Every edit the pipeline makes is recorded in a change ledger. Each entry includes:

- **Action** — what type of change was made (add, modify, delete)
- **Target** — what was changed (heading, paragraph, table, figure, etc.)
- **Before / After** — the exact text before and after the edit
- **Reasoning** — why the AI made this change

The ledger is available through the API (`GET /api/v1/documents/{job_id}/ledger`) and in the pipeline viewer's Changes panel.

## Evaluating Quality

### What to Check

When reviewing a converted document, focus on these areas:

**Structure**
- Does the heading hierarchy make sense? H1 should be the document title, H2s should be major sections, and so on
- Are sections in the correct order?
- Do lists have the right nesting?

**Content Accuracy**
- Is the text faithful to the original? Look for OCR errors (character substitutions, missing words)
- Are numbers, dates, and proper nouns correct?
- Are footnotes in the right place and correctly numbered?

**Tables**
- Do tables have header rows identified?
- Are cells aligned with the correct headers?
- For complex tables (merged cells, multi-level headers), verify the structure manually

**Images**
- Do informational images have descriptive alt text?
- Is the alt text accurate — does it convey the same information as the image?
- Are decorative images (logos, dividers) appropriately left without alt text?

**Formatting**
- Are hyperlinks clickable (not just plain text URLs)?
- Is emphasis (bold, italic) preserved where it carries meaning?
- Are code blocks properly identified and formatted?

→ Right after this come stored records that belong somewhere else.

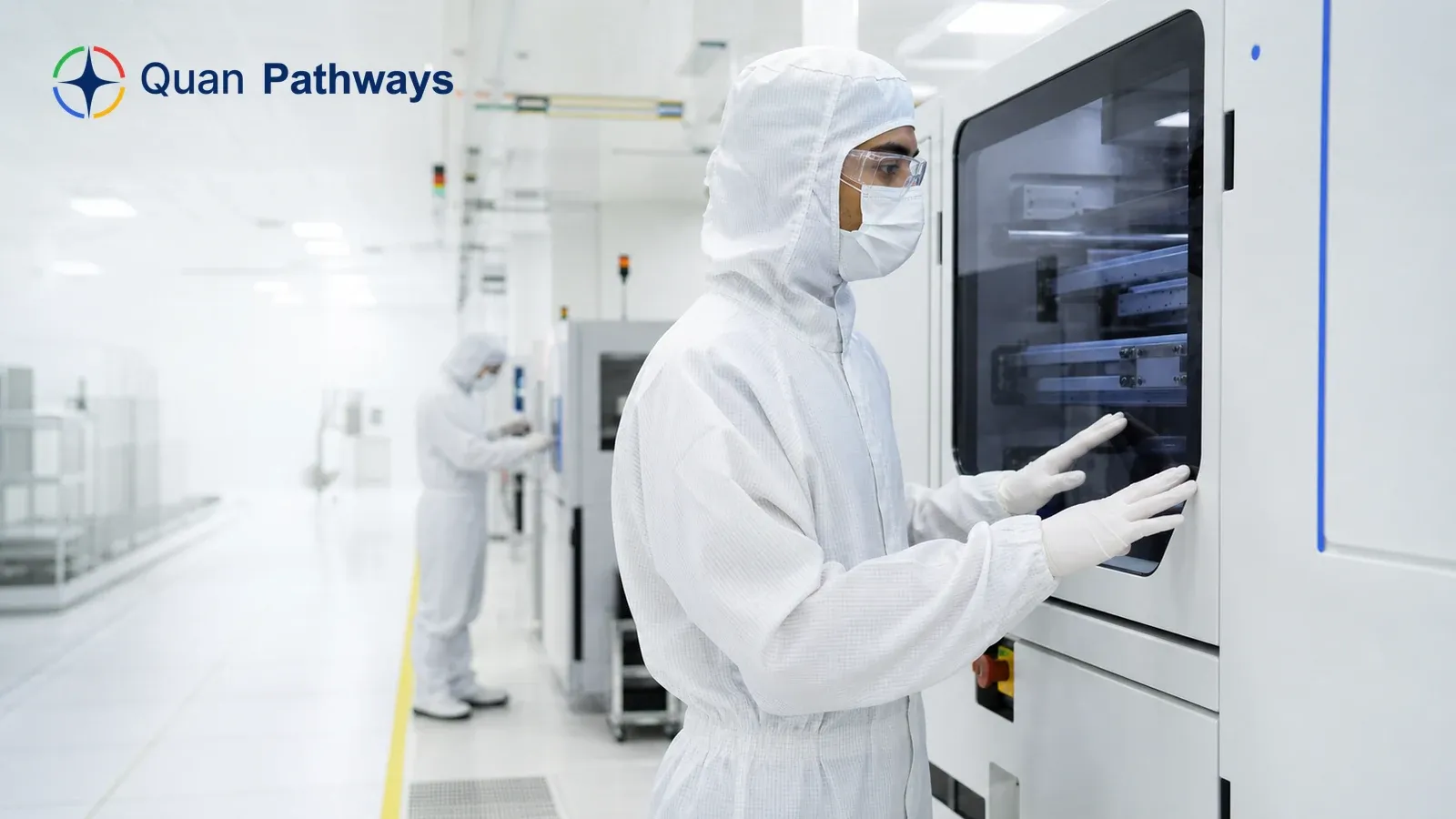A cleanroom technician safely observes semiconductor manufacturing equipment in a modern fab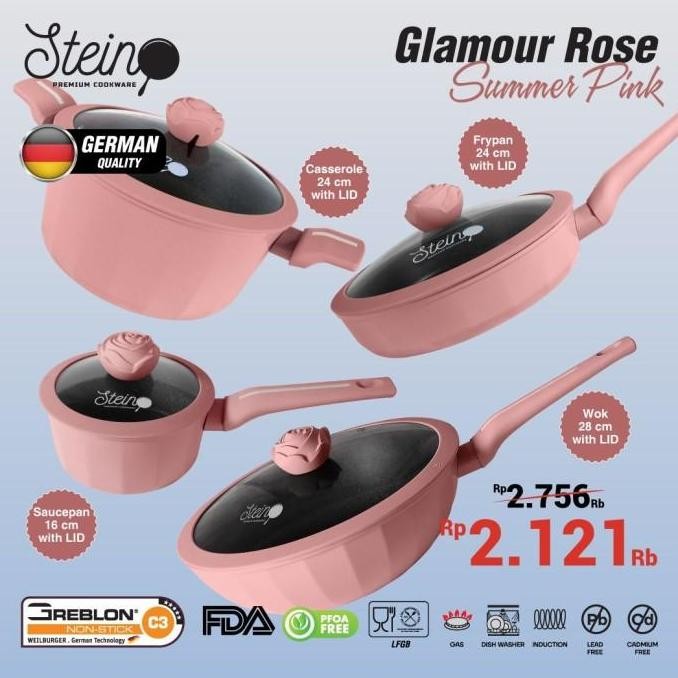 Tersedia Steincookware Stein Glamour Rose Set 4 in 1 Panci Set Granite German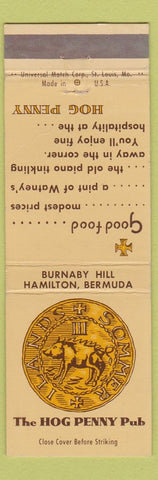 Matchbook Cover - Hog Penny Pub Hamilton Bermuda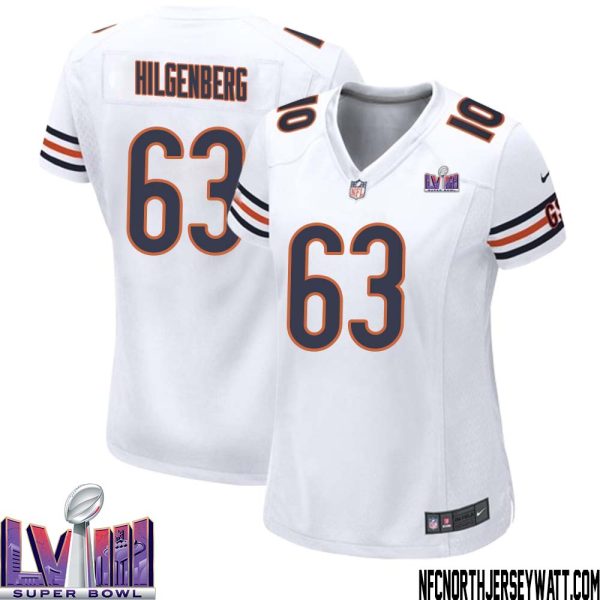 Jay Hilgenberg No 63 Chicago Bears Super Bowl LVIII Away Game Jersey White for Women – Replica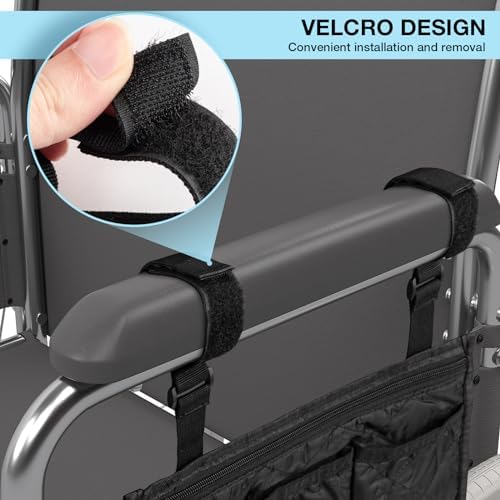 Bolsa Lateral para Silla de Ruedas Noverlife, 2 Paquetes, Negra, con Soporte para Taza, Impermeable, Organizador para Ancianos - imagen 4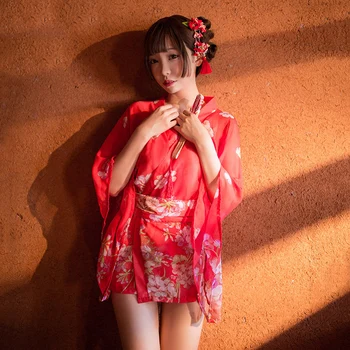  Femeile Japoneze Kimono Sexy Sleepwear Șifon Florale Pijamale, Halat De Baie Lenjerie Tanga Yukata Petrecere Geisha Costume Cosplay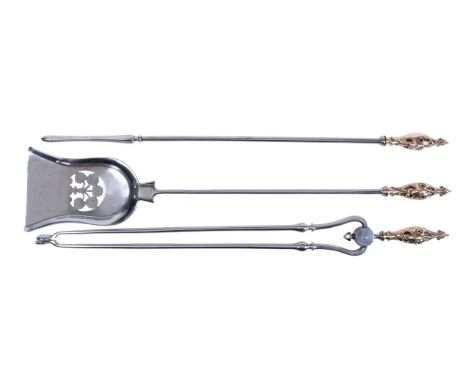 A set of William IV or early Victorian brass and steel mounted fire tools, circa 1835, comprising shovel, poker and tongs, ea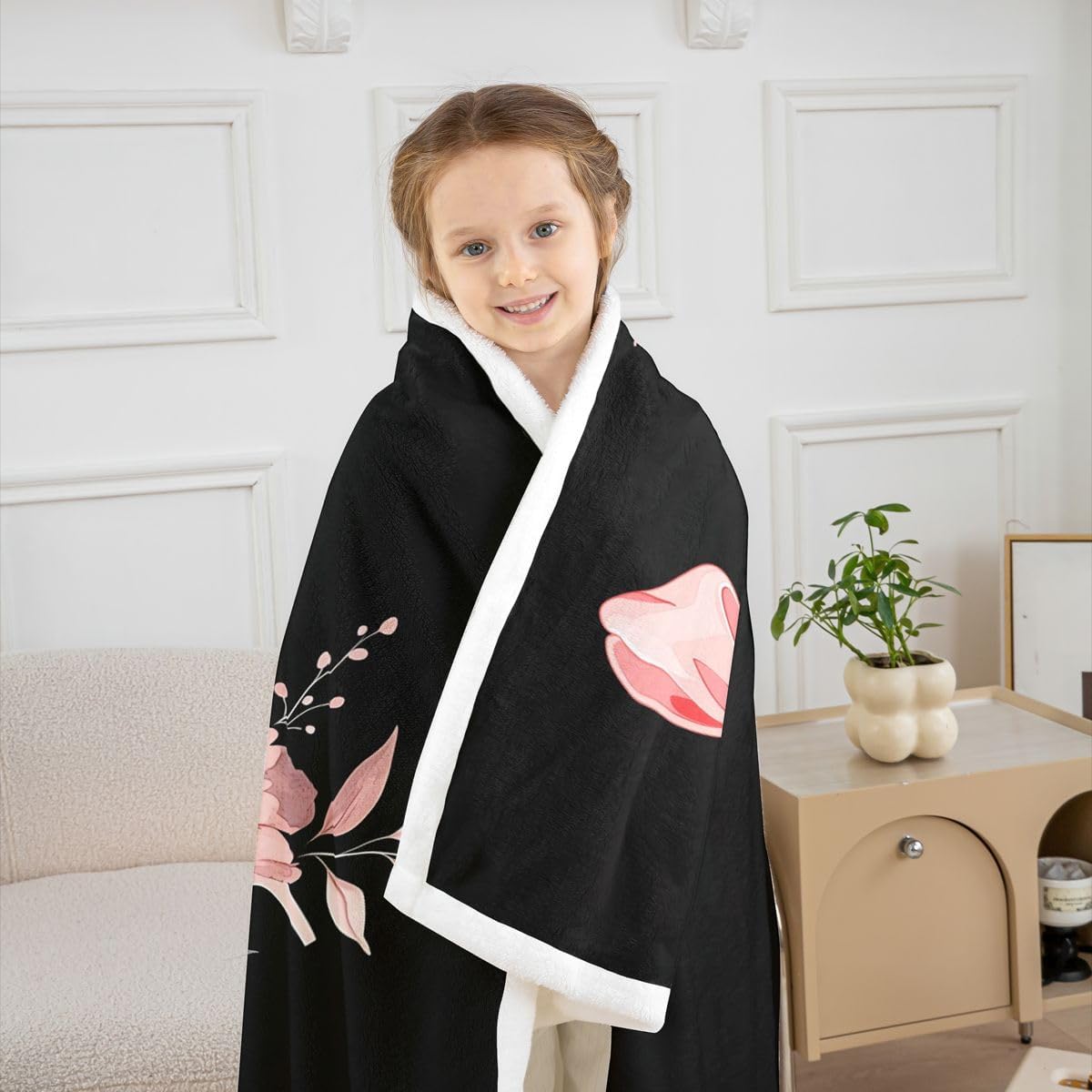 jejeloiu Cute Girly Bow Sherpa Throw Blanket for Couch Initial Letter V Super Soft Cozy Fleece Flower Floral Print Blanket for Winter, Plush Throw Spring Style Baby 30"x40" All Season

### Quality by Document Type

Some document types convert better than others:

| Document Type | Typical Quality | Common Issues |
|---------------|----------------|---------------|
| Syllabi and course materials | High | Occasional heading level disagreements |
| Policy documents | High | Complex nested numbering schemes |
| Letters and memos | High | Letterhead content may be over-described |
| Academic chapters | Medium | Footnote ordering, reading order in multi-column layouts |
| Presentations (slides) | Medium | Slide boundaries, text embedded in images |
| Infographics and posters | Lower | Spatial relationships lost when linearized |
| Brochures with complex layouts | Lower | Multi-column reading order confusion |

## Known Limitations

The system is designed for **course materials** — syllabi, academic papers, policy documents, presentations, and similar content. The following document types are outside the current scope and may produce lower-quality results:

- **Scanned multi-column academic chapters** — reading order detection across columns is unreliable for scanned documents
- **Heavy infographics** — spatial relationships (flow diagrams, organizational charts) are lost when linearized to text
- **Mathematical equations** — complex LaTeX formulas are not fully supported
- **Bilingual scanned documents** — OCR quality degrades significantly with mixed-language scanned content
- **Documents over 40 pages** — the system processes them, but quality and cost scale with complexity

When the pipeline detects a document type it handles poorly, it emits **warnings** in the response. These warnings appear in both the API response and the viewer interface.

## Providing Feedback

If you find an issue in a converted document, see the [Providing Feedback](providing-feedback.md) guide for how to report issues and suggest corrections through the WordPress plugin.